We'll first need to load additional packages,
(collections of related functions)
so the functions we'll need are available for use:

In [7]:
# make packages available to use in this notebook
import os
import urllib.request
import pandas as pd 

The packages we're using today include:

- [`os`](https://docs.python.org/3/library/os.html): to create a `data` directory
- [`urllib`](https://docs.python.org/3/library/urllib.html): for downloading files
- [`pandas`](https://pandas.pydata.org): for data manipulation and analysis

For the last package,
`pd` is being defined as an alias, or shortcut, 
to specify we're using a function from that package.
For the rest of this lesson, we'll preface the function in which it's been loaded.

## Importing data

Before we can download our data,
we should create a new directory to contain it:

In [8]:
# create data directory
os.mkdir("data")

Then we can use a function from the `urllib` package to download the data file:

In [9]:
# download dataset
urllib.request.urlretrieve("https://raw.githubusercontent.com/fredhutchio/R_intro/master/extra/clinical.csv", "data/clinical.csv")

('data/clinical.csv', <http.client.HTTPMessage at 0x1075130b8>)

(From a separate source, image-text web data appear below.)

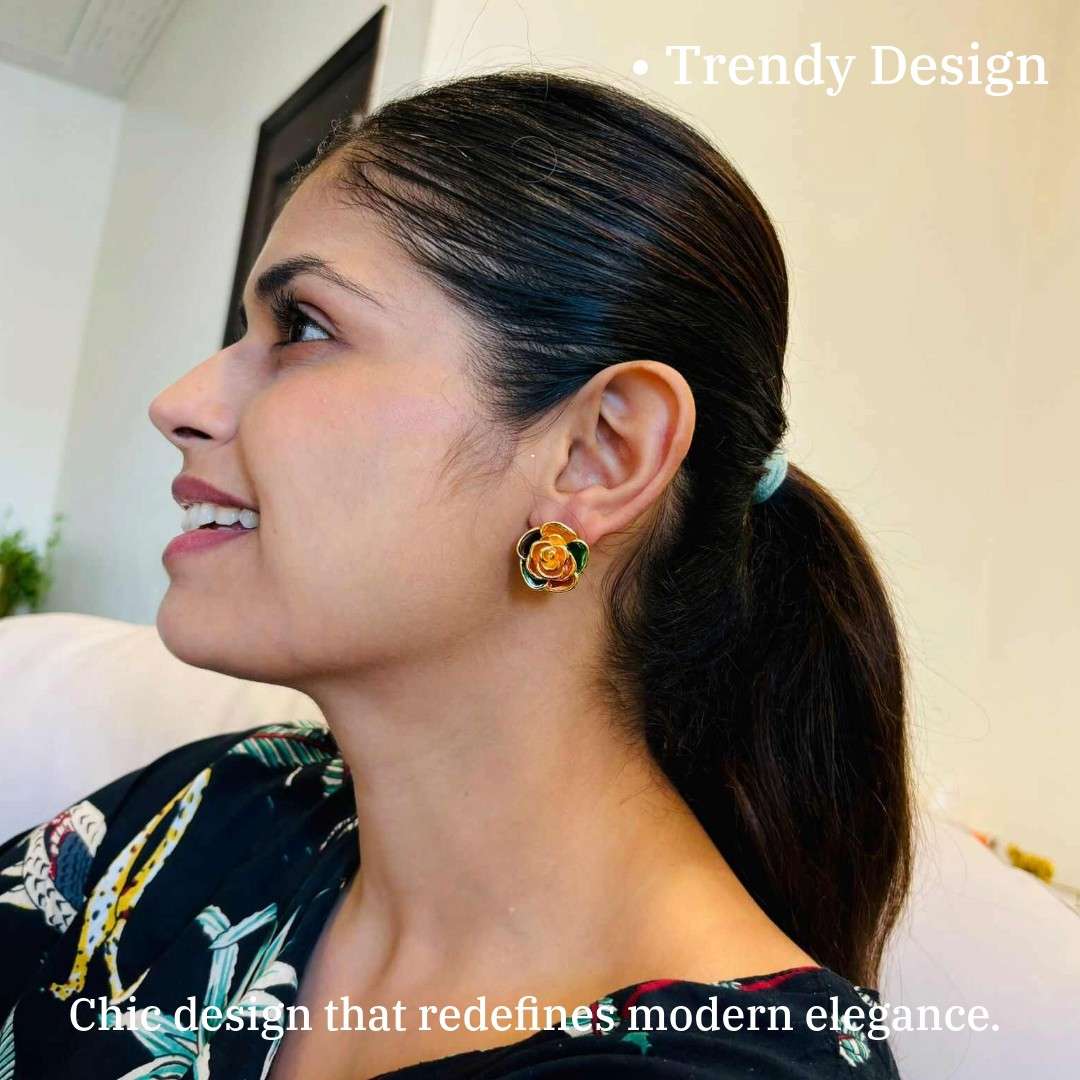 Floral Earrings Gold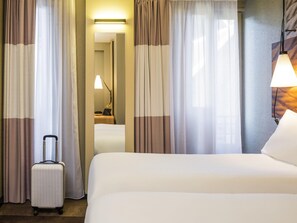 Standaard kamer, 2 eenpersoonsbedden | Pillowtop-bedden, geluiddichte muren, gratis wifi, beddengoed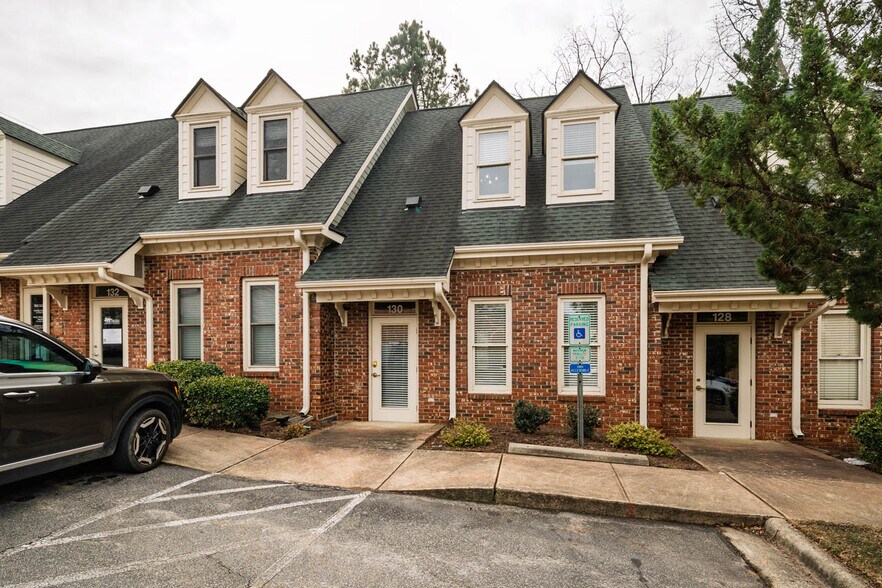 More Photos Of 130 Salem Towne Ct, Apex Office For Sale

The first argument (string inside quotation marks)
represents the URL from which the data is being downloaded.
The second argument ("data/clinical.csv") indicates where the data will be saved.

> If above code doesn't work, you can download the data 
as a [zip file](https://www.dropbox.com/s/k639bkse64r0bfz/data.zip),
manually unzip it, and move the resulting folder to your project's data directory.

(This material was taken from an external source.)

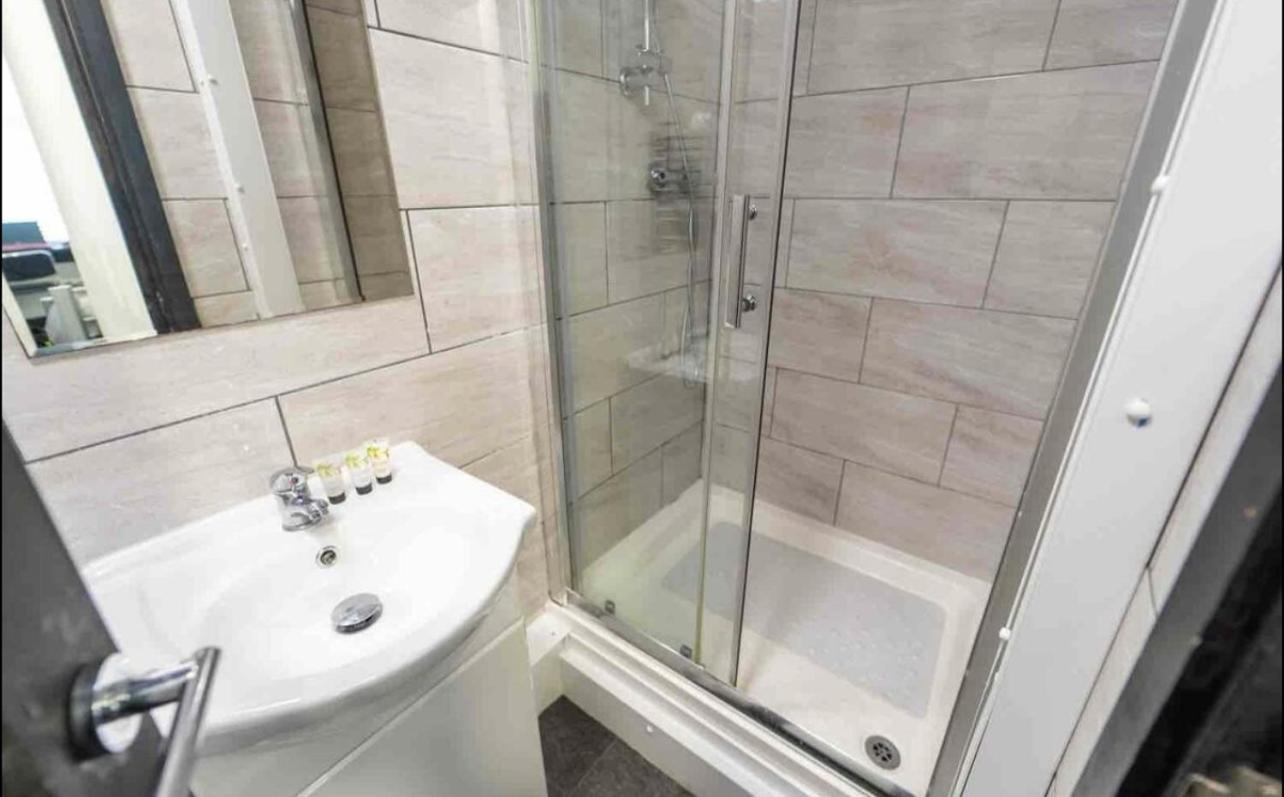 Staysa Equipped Studios Near Qe And Uob In Guesthouse Close To The City! Birmingham Extérieur photo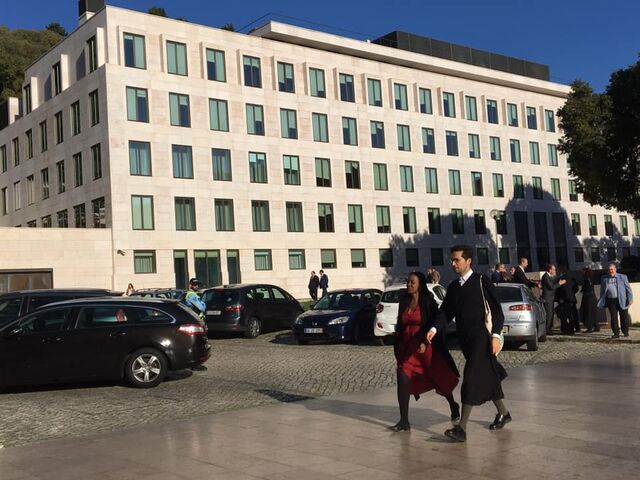 Joacine Katar Moreira e Rafael Esteves Martins a chegar a Assembleia da República em Lisboa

Notice that the URL above ends in "clinical.csv", 
which is also the name we used to save the file on our computers.
If you click on the URL and view it in a web browser, the format isn’t particularly easy for us to understand. 
The data we’ve downloaded are in csv format, which stands for “comma separated values.” This means the data are organized into rows and columns, with columns separated by commas.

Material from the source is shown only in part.